- Task directions:
Please work out how many lines in the data below contain "Highlander", and reply with that number alone.

- Data provided:
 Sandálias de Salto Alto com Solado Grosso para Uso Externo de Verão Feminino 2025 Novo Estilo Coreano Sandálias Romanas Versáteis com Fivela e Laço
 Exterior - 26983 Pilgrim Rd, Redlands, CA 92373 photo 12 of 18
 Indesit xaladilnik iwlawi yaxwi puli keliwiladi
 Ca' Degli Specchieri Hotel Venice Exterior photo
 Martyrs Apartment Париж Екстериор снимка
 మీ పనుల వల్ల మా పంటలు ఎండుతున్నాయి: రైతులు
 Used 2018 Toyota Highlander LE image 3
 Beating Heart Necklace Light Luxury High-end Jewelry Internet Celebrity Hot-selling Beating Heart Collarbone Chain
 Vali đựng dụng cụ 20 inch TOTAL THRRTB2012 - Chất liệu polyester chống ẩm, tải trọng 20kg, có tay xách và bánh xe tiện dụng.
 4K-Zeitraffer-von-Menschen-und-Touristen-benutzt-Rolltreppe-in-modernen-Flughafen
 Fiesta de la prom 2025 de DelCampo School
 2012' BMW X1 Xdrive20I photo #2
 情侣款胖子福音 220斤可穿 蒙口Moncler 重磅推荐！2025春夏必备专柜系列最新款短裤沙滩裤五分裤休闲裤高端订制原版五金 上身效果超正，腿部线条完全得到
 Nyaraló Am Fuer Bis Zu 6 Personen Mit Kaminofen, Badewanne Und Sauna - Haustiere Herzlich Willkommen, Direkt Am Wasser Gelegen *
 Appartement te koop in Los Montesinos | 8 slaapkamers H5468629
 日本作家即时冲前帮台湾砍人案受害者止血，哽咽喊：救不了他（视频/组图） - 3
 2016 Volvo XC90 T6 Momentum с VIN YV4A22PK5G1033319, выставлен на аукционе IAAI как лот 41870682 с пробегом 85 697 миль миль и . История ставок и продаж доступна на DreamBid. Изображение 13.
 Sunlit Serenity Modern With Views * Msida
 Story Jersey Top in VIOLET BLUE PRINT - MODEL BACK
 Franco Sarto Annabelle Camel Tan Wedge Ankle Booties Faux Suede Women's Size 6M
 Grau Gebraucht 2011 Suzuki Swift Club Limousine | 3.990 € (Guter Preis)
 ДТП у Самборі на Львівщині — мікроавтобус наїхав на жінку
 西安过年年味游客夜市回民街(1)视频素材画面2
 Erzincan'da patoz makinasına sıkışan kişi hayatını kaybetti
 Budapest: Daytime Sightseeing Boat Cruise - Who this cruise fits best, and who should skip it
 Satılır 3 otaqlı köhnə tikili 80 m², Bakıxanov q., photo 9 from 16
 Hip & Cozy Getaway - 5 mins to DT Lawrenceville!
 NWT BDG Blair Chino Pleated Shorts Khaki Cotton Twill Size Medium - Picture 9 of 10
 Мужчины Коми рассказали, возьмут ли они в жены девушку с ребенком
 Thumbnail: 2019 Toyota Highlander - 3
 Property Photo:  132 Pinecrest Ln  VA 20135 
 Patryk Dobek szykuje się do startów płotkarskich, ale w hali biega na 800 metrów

- Result of this task:
2